● **WHAT IS NEEDED**
Please filter the entries for the word "Green" and copy every line that has it.

● **DATA**
####################
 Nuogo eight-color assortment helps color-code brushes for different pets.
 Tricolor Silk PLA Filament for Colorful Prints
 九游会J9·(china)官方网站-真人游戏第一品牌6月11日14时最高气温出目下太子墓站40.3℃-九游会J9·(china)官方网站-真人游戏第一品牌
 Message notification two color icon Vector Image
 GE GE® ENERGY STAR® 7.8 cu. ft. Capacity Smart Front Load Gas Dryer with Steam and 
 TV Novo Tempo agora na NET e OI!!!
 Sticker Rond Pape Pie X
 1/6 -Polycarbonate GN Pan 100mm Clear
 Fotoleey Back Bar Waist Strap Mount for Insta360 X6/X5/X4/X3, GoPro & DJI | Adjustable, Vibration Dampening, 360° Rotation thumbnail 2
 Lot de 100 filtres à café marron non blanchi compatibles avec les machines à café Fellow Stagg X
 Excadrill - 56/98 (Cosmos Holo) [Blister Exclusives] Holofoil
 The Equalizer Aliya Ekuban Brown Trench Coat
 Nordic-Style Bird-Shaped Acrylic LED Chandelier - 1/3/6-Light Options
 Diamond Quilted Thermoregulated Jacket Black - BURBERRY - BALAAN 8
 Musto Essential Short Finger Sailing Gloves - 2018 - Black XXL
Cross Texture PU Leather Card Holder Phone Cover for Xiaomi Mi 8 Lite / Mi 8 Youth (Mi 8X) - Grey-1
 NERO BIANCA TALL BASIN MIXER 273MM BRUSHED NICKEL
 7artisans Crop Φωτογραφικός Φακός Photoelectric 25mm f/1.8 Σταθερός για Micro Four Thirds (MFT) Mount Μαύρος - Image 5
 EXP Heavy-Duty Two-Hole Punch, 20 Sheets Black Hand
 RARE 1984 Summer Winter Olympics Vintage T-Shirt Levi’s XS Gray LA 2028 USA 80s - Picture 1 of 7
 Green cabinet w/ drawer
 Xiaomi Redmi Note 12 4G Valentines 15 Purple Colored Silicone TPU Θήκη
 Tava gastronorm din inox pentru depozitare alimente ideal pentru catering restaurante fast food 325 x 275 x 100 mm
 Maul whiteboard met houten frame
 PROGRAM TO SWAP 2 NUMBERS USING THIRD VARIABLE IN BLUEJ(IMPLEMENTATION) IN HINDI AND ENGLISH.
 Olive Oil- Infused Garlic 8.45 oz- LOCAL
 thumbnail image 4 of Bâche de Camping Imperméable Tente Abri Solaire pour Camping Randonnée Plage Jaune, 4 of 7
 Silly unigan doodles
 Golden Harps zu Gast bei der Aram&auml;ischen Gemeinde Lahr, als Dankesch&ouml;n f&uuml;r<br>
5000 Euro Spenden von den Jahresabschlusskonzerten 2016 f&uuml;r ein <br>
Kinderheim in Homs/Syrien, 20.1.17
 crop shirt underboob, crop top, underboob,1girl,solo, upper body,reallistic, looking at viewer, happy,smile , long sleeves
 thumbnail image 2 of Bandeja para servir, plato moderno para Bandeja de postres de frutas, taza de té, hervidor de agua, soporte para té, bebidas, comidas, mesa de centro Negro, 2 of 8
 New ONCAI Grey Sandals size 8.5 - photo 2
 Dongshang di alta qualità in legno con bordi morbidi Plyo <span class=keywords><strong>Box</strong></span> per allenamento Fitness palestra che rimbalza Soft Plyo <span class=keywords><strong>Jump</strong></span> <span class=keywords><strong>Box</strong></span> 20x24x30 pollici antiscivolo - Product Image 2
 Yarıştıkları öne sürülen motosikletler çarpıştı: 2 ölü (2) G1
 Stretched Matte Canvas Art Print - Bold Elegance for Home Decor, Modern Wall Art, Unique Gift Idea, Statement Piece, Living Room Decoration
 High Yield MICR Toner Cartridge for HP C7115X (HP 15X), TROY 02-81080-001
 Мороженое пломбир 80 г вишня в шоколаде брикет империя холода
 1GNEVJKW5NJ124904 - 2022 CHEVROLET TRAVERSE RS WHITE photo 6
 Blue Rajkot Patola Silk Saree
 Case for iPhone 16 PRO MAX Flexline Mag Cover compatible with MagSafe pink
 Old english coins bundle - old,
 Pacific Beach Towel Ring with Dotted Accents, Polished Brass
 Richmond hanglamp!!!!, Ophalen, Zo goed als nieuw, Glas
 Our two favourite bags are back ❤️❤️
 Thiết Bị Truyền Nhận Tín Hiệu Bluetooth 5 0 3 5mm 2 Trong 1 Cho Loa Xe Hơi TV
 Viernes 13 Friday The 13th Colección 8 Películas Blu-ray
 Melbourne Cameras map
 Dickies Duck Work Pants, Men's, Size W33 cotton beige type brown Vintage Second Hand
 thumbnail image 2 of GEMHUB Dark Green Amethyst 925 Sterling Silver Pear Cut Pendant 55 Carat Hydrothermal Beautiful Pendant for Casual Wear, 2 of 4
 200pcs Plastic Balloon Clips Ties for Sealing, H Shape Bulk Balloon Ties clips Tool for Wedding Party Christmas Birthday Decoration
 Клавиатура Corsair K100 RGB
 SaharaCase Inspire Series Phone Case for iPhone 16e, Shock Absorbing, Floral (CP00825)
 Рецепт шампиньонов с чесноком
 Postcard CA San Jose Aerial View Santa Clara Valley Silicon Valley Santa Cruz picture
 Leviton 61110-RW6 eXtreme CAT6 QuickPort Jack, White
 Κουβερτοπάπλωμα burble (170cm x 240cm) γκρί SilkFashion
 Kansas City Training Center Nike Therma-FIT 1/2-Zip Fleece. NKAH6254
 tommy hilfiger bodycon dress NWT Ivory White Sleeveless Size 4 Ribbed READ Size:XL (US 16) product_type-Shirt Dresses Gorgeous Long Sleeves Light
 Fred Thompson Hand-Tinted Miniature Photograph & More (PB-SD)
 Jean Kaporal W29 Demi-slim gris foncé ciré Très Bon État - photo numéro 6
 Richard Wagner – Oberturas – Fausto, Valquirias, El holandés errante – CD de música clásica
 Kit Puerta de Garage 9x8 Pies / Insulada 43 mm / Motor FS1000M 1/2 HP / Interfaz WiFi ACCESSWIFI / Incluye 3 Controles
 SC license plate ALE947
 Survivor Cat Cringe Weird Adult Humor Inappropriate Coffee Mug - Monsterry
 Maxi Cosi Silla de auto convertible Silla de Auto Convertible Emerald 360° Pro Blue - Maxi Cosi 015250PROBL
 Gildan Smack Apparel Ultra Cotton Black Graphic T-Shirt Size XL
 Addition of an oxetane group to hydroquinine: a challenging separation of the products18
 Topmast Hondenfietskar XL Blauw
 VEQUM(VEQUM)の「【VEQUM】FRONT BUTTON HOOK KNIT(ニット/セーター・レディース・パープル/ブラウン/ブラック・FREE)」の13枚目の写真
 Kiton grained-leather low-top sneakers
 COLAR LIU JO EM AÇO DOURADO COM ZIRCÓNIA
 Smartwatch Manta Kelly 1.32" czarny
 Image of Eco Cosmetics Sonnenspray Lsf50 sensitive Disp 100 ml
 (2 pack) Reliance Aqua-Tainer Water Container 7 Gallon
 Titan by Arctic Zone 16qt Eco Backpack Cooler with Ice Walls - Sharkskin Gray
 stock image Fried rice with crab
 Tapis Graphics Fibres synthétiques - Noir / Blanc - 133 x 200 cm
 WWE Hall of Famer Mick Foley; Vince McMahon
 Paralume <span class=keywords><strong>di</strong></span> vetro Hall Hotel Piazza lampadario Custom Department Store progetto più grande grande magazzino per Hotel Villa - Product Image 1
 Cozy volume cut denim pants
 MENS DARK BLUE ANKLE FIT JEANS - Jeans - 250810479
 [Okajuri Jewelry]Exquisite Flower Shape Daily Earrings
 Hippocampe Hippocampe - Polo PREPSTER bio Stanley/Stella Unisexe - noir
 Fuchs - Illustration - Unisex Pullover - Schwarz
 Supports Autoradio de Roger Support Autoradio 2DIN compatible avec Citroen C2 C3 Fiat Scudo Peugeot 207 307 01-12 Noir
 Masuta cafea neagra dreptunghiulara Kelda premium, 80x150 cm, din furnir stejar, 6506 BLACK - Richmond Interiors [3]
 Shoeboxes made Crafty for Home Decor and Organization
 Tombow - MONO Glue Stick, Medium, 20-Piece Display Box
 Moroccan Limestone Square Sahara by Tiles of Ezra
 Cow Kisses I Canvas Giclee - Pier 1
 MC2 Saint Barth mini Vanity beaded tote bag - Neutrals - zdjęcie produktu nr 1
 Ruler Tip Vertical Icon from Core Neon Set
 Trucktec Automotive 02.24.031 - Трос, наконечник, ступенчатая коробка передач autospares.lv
####################
● **WORKED SOLUTION**
 Green cabinet w/ drawer
 thumbnail image 2 of GEMHUB Dark Green Amethyst 925 Sterling Silver Pear Cut Pendant 55 Carat Hydrothermal Beautiful Pendant for Casual Wear, 2 of 4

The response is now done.